[WHAT TO PRODUCE] Somewhere below is a line with "Rhinoplasty in Hamilton Subdivision" and, later, a line with "Best Emergency Wisdom"; repeat those two lines and all the lines between them, exactly as they are.

[RECORDED INFORMATION]
----
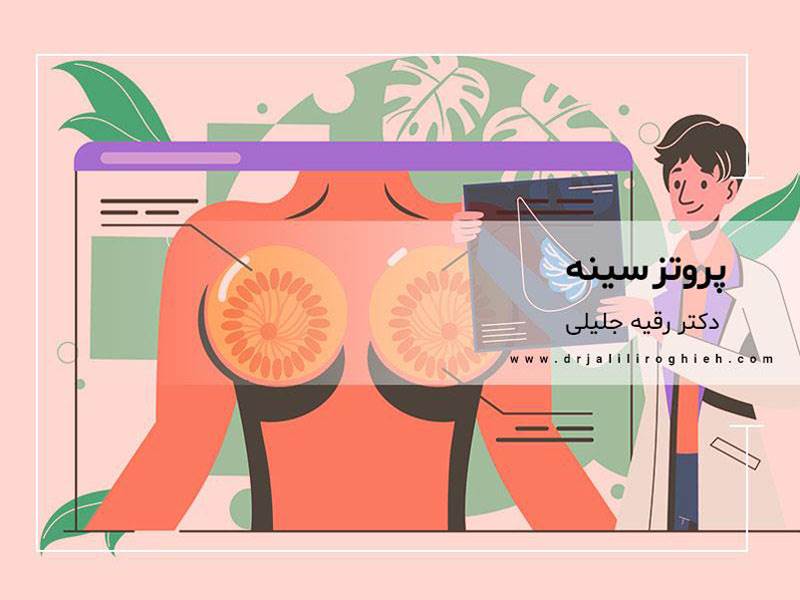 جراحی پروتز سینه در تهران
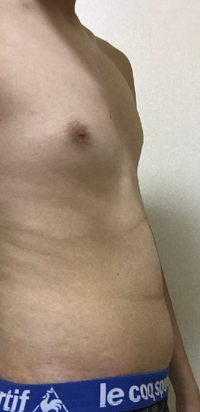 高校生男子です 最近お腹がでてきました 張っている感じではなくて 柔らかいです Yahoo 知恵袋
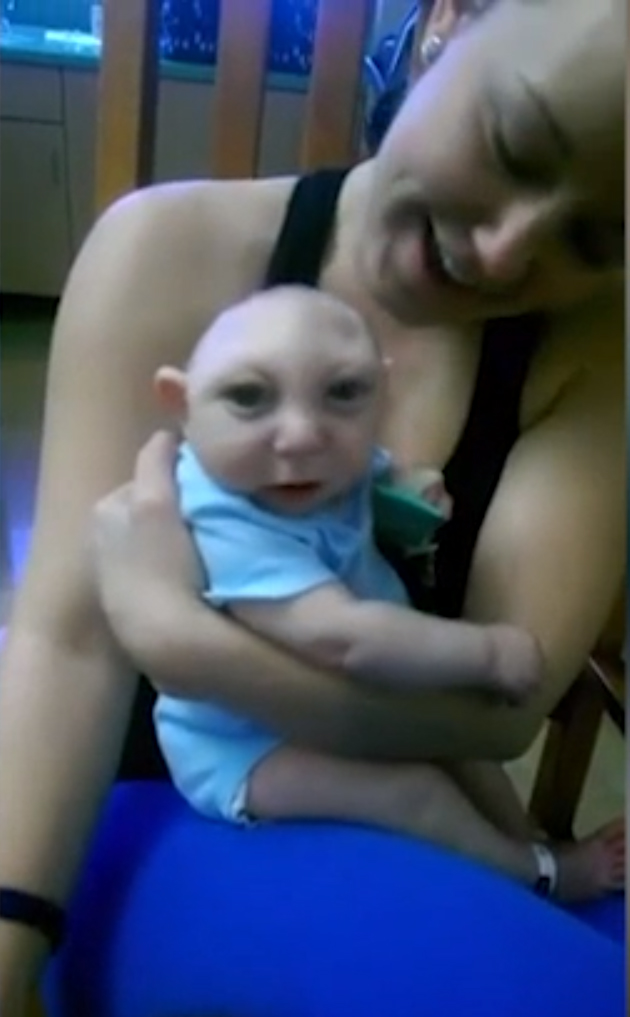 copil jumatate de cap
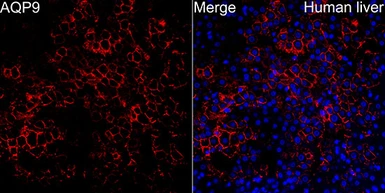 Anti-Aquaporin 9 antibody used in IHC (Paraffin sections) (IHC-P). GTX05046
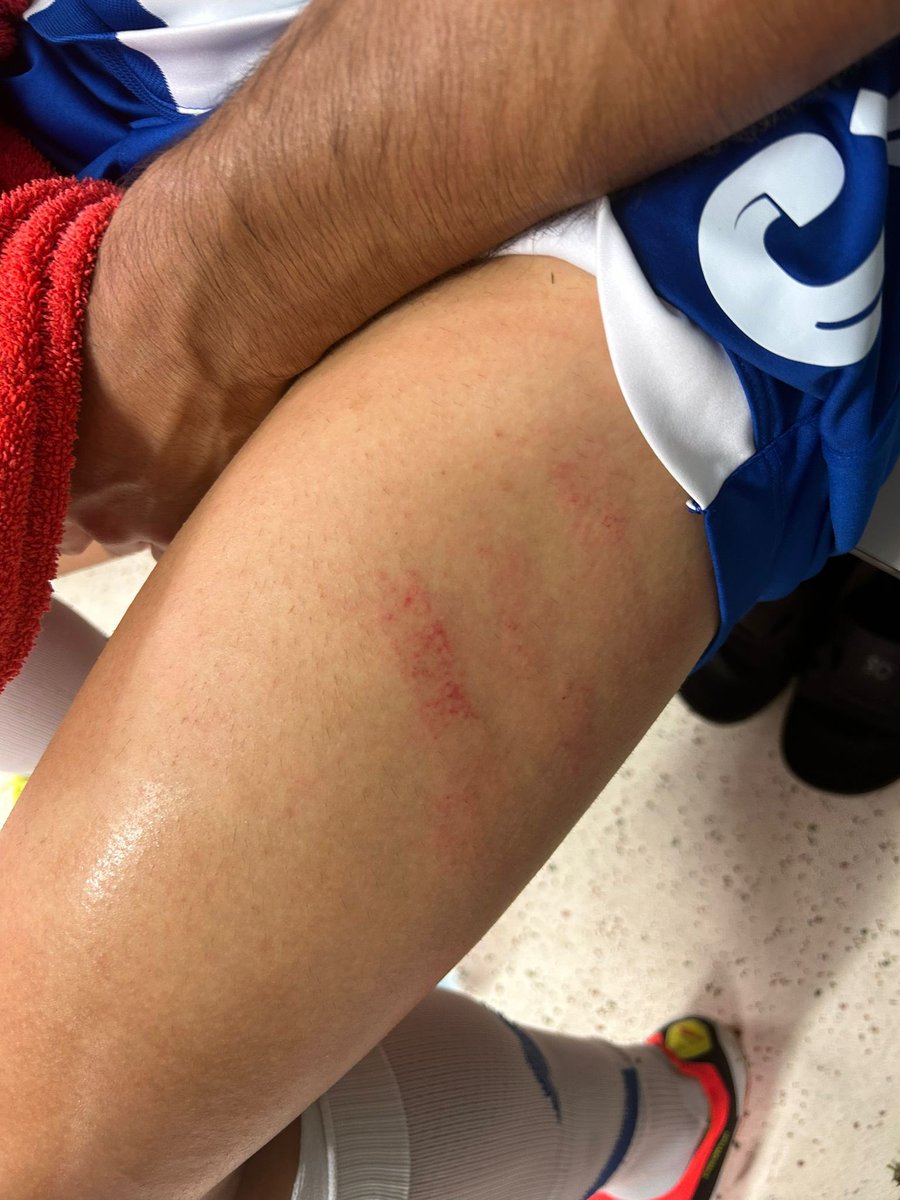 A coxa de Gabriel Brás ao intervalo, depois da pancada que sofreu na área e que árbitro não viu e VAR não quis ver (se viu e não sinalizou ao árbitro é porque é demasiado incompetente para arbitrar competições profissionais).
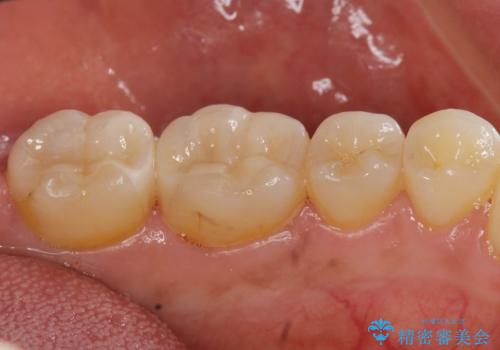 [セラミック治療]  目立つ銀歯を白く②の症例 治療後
----
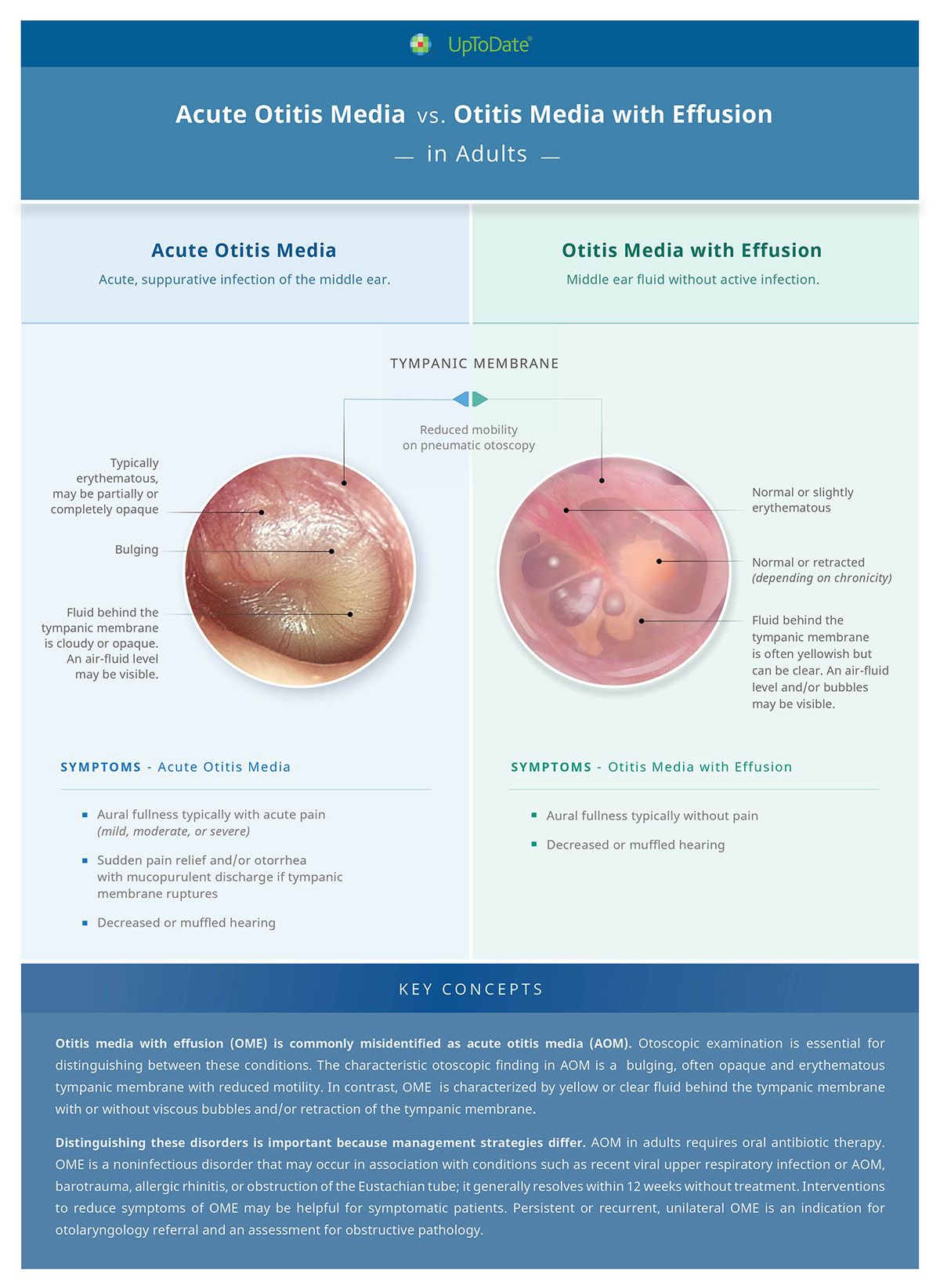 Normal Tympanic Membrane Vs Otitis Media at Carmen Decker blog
----
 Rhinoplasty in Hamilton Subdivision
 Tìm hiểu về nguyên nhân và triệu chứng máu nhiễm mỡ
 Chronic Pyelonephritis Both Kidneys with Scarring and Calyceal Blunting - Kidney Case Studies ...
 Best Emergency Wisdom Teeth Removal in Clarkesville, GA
----
[RESULT OF THE TASK]
 Rhinoplasty in Hamilton Subdivision
 Tìm hiểu về nguyên nhân và triệu chứng máu nhiễm mỡ
 Chronic Pyelonephritis Both Kidneys with Scarring and Calyceal Blunting - Kidney Case Studies ...
 Best Emergency Wisdom Teeth Removal in Clarkesville, GA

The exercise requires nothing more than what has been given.